….or can it?

Last night Bernie Madoff and his wife came to the resto. Well, a pair of Mr and Mrs Madoff lookalikes He is wearing a monogrammed shirt. Why do people have to monogram their shirts? Are there other people in the household who may accidentally wear their shirts? Labelling your shirts is for boarding school, surely. Anyhoozlebees. The wife is carrying a fabulous Bottega Veneta handbag, or purse as they call it here.

From the get go they are joyless. How is it possible to drink Gosset Rose joylessly? They don’t even have the boredom default – iPhones. Its a glorious, late summer evening with a full moon grinning down like a lottery winner. The evening air is filled with the silly, happy chatter of people enjoying themselves.

Mrs Madoffy orders the fish. He orders the filet. “And here is your lovely – your lovely fish.” The fish looks as though it should be on the cover of a food magazine. The plating is perfection. Mrs Madoffy pokes at the tricolour pepper salad. She gouges several forkfuls (Americans eat everything with their fork.) Then she rolls her eyes. “It’s luke warm. At best.” I am SO sorry. I scuttle back to the kitchen. The fish has to be put back on the grill to be reheated and is then, again, beautifully plated I take it back to her. “Is this a different piece? Why is it so small? This piece is smaller than the piece I had!” I assure her that the fish is indeed the exact same piece. “I’m telling you its smaller.” “Well, let me see if there is a spare piece of fish lying around,” I say foolishly. (That’s like saying ‘I’ll see if there’s a spare lobster lying around.) “Someone in the kitchen has eaten some of my fish! The evening is ruined.” Now is the time to switch to my snail under a harrow mode. I am so sorry, so vair vair sorry. I DO understand your displeasure etc etc. Would you like another piece. “No! My husband has already eaten his steak!” she snaps. The offer of free desert is met with stunning unenthusiasm. They pay no attention to me and have a convo in undertones in which shoulders are raised along with eyebrows.
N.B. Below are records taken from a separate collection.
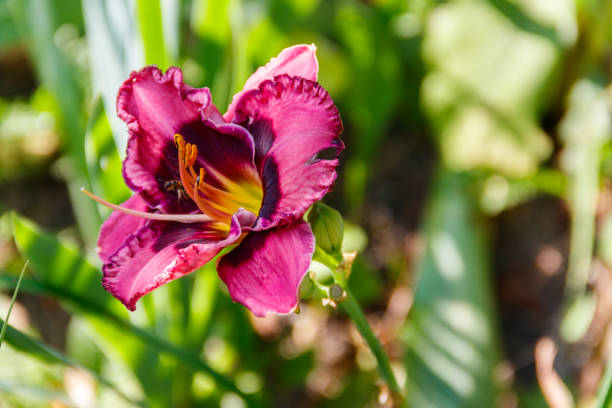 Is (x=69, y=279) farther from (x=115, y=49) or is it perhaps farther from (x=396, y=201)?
(x=396, y=201)

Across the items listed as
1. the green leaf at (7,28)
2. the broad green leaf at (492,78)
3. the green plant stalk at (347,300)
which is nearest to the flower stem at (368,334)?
the green plant stalk at (347,300)

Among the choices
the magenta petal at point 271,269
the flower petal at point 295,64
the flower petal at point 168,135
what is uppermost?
the flower petal at point 295,64

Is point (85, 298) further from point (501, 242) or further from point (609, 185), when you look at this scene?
point (609, 185)

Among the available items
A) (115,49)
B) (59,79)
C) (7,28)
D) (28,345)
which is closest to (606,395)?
(28,345)

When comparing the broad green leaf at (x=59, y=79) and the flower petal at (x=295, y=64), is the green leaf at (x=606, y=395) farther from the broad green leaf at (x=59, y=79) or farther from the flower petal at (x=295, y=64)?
the broad green leaf at (x=59, y=79)

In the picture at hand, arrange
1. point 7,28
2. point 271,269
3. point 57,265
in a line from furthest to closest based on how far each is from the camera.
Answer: point 7,28, point 57,265, point 271,269

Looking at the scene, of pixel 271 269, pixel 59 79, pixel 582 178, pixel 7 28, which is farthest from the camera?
pixel 7 28

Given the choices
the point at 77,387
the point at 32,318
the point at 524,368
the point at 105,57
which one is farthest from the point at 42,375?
the point at 524,368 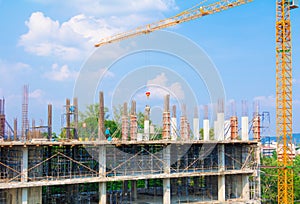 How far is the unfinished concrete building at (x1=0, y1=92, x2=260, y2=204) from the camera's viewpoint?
83.1 feet

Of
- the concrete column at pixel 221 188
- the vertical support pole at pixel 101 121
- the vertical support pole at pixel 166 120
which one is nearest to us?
the vertical support pole at pixel 101 121

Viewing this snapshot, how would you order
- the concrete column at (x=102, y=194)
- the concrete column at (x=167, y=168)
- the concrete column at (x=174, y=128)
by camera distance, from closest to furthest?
the concrete column at (x=102, y=194) → the concrete column at (x=167, y=168) → the concrete column at (x=174, y=128)

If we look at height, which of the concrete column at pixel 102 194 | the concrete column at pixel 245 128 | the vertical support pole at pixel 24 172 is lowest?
the concrete column at pixel 102 194

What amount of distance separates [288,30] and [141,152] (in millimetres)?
19161

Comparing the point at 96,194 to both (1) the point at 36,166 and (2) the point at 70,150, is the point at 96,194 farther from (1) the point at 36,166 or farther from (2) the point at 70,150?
(1) the point at 36,166

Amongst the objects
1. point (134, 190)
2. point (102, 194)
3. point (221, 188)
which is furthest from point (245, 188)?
point (102, 194)

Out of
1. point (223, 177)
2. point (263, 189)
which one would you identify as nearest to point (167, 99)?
point (223, 177)

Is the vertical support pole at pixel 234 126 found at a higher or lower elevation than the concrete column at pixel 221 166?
higher

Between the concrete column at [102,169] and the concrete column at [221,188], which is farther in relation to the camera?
the concrete column at [221,188]

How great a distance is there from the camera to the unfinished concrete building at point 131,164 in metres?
25.3

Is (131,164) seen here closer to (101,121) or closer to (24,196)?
(101,121)

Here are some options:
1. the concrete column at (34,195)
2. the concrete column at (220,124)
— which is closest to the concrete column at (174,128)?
the concrete column at (220,124)

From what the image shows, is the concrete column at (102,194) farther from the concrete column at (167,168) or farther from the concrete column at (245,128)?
the concrete column at (245,128)

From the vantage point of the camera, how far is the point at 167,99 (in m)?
29.8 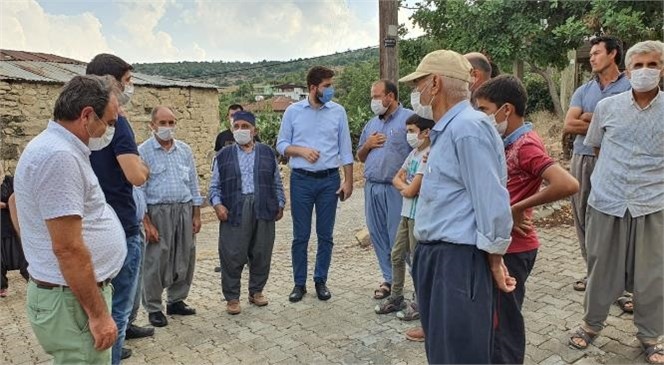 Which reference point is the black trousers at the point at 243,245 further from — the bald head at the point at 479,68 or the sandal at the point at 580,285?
the sandal at the point at 580,285

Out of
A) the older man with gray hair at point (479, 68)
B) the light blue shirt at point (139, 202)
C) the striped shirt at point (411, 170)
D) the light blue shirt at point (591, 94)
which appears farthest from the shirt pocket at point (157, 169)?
the light blue shirt at point (591, 94)

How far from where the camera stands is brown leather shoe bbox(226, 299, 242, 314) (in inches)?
172

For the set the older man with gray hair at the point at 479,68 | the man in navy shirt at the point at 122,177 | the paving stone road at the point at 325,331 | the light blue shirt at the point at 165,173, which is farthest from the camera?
the light blue shirt at the point at 165,173

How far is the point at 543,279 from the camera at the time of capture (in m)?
4.79

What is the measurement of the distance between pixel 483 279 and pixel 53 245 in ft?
5.79

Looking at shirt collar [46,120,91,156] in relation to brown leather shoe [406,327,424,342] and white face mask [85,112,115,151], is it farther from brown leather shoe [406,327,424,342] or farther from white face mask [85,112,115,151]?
brown leather shoe [406,327,424,342]

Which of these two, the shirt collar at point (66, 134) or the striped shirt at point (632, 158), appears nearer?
the shirt collar at point (66, 134)

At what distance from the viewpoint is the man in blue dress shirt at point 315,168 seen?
4.56 m

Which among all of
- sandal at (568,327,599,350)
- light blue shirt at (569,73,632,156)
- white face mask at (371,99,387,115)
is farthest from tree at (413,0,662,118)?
sandal at (568,327,599,350)

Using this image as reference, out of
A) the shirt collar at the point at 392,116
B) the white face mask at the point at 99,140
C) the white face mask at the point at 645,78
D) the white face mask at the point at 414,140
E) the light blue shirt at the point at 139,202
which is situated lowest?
the light blue shirt at the point at 139,202

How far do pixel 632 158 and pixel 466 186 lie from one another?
5.87 feet

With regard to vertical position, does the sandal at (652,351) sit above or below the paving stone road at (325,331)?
above

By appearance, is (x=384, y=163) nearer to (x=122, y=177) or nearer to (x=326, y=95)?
(x=326, y=95)

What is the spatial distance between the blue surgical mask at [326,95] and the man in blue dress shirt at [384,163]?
0.47 metres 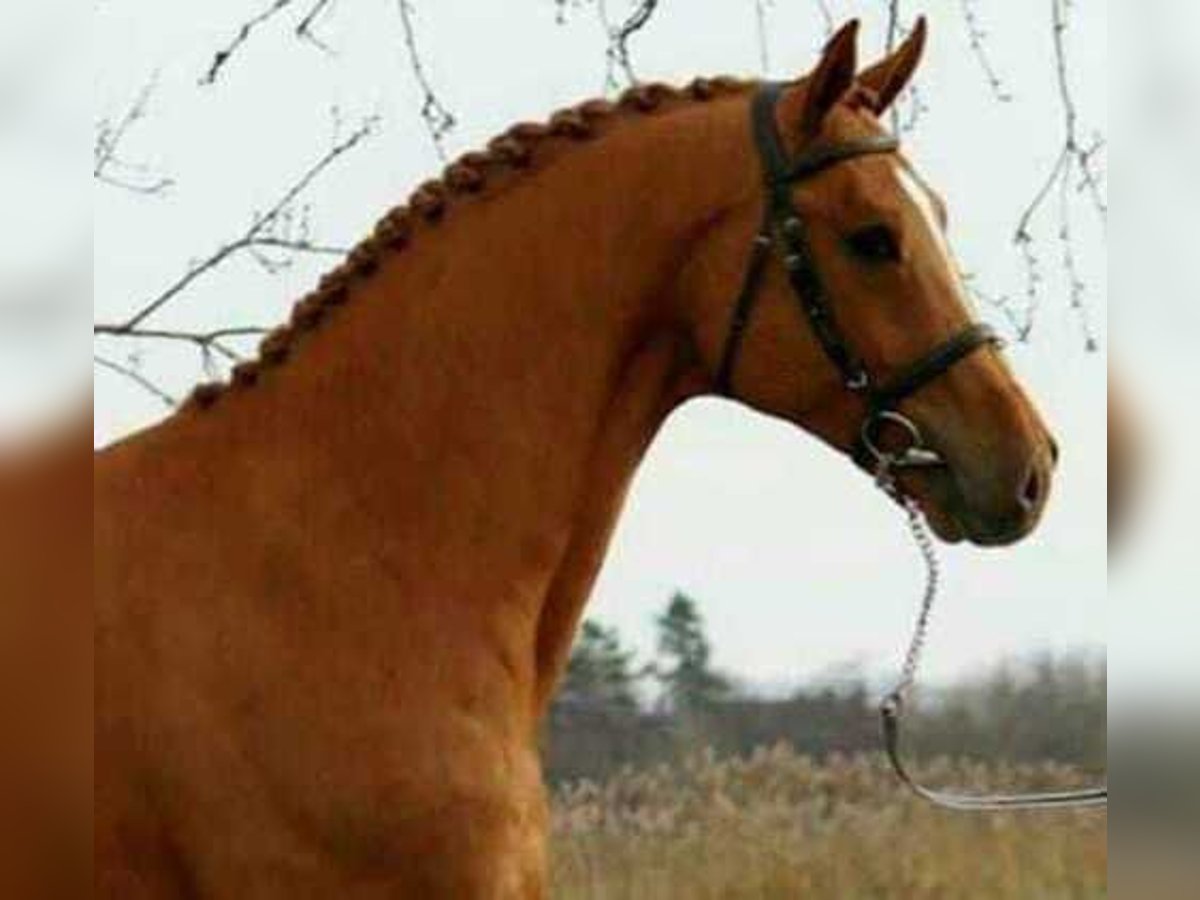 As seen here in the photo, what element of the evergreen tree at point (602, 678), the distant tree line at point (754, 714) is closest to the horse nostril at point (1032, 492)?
the distant tree line at point (754, 714)

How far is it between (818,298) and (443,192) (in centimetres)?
53

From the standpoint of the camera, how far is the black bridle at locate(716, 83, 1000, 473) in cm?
293

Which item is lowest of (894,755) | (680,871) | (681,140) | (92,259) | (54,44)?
(680,871)

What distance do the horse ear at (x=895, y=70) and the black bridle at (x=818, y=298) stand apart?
0.17m

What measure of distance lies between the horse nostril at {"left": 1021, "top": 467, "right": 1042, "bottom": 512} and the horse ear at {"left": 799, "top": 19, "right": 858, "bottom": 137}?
54 centimetres

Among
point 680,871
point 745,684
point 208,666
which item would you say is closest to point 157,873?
point 208,666

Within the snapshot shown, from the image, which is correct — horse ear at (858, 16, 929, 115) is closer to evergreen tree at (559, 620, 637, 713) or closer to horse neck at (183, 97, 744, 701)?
horse neck at (183, 97, 744, 701)

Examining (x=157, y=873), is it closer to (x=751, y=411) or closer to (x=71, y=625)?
(x=71, y=625)

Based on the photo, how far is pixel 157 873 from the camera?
2.70 meters

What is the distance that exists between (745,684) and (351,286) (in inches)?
205

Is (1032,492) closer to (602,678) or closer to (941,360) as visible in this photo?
(941,360)

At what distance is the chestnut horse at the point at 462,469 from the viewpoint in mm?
2672

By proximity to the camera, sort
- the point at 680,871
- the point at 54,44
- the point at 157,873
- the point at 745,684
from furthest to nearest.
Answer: the point at 745,684 → the point at 680,871 → the point at 157,873 → the point at 54,44

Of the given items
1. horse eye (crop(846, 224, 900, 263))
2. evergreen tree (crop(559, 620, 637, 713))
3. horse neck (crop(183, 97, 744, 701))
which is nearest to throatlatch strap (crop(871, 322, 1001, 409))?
horse eye (crop(846, 224, 900, 263)) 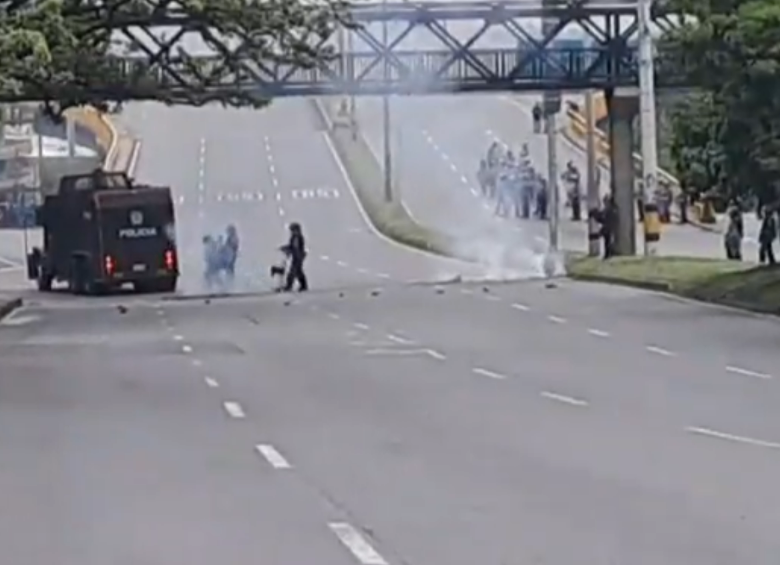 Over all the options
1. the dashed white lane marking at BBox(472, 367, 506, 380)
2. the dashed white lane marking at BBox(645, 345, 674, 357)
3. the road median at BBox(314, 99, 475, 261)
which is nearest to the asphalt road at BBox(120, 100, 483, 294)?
the road median at BBox(314, 99, 475, 261)

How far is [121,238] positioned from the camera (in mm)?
62656

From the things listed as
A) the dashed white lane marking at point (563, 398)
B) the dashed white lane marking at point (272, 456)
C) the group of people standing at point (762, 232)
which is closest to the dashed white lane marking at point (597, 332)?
the group of people standing at point (762, 232)

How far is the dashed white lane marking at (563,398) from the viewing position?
2331 centimetres

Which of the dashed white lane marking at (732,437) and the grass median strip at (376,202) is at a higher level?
the dashed white lane marking at (732,437)

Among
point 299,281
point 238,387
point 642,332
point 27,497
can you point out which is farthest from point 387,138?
point 27,497

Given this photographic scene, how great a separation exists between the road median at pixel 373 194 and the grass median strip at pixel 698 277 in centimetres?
1684

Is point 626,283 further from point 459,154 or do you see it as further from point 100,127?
point 100,127

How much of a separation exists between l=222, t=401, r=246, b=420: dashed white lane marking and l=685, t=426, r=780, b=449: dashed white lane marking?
15.3ft

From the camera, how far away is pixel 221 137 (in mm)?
115125

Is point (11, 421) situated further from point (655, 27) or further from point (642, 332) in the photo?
point (655, 27)

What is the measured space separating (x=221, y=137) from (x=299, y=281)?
184 feet

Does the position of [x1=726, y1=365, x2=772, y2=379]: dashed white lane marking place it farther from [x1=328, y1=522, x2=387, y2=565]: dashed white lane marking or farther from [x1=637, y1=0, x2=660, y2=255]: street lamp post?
[x1=637, y1=0, x2=660, y2=255]: street lamp post

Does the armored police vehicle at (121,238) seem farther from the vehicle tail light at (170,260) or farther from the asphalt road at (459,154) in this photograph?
the asphalt road at (459,154)

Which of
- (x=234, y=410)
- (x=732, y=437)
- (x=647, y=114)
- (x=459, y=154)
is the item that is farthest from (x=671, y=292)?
(x=459, y=154) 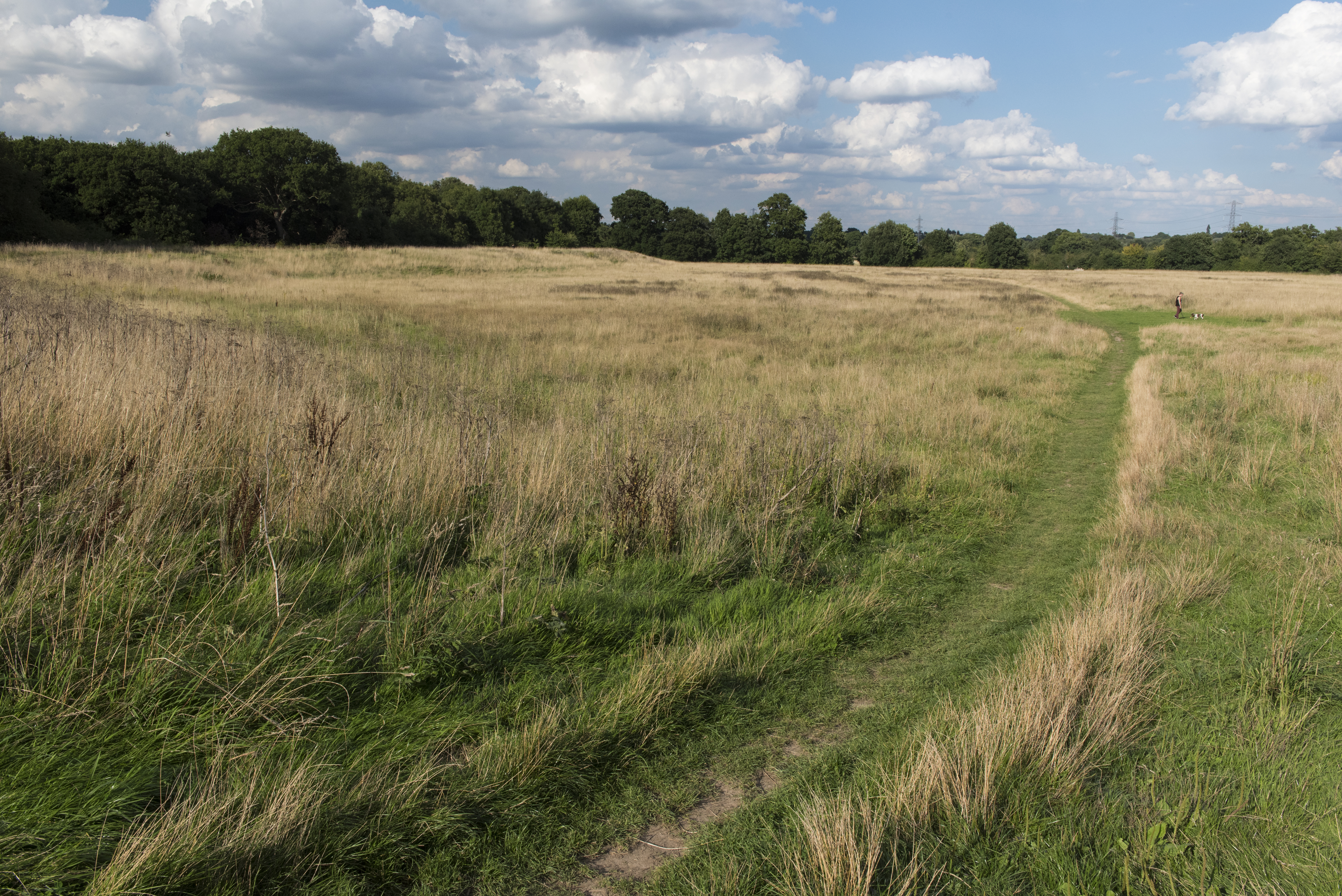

Pontius Pilate had less indecision. Finally they choose the blueberry pie. I go into the kitchen to find that there it no blueberry pie left. Now they are even more without gruntle. I take out another desert which is accepted with bad grace. Then she needs to go to the bathroom. Of course the bathrooms are occupied. When she leaves the restaurant, a vision in designer labels, her face is tight as bound broccoli.

I am the first person to admit that I have been tainted by appreciation of the better things in life. Once you know what the good stuff is its hard to go back. Some vestiges of my snobbery remain. I would rather pay three pounds for an apple from Harrods than go to Tescos. (Its the experience I am paying for, I reason.) I never drink tap water. (My water of choice is Welsh Tynant, although one can’t find it here.) Hershey’s chocolate is tragic. I would shoot myself before I went to Walmart. I have a decade-old Yves St Laurent Mombasa bag. which I use instead of an orange-is-the -new-black $20 faux leather hobo made in China. I would rather buy gently worn Ann Demeulemeester than brand new H and M. I dislike faux – everything. Fur, jewels and friendships.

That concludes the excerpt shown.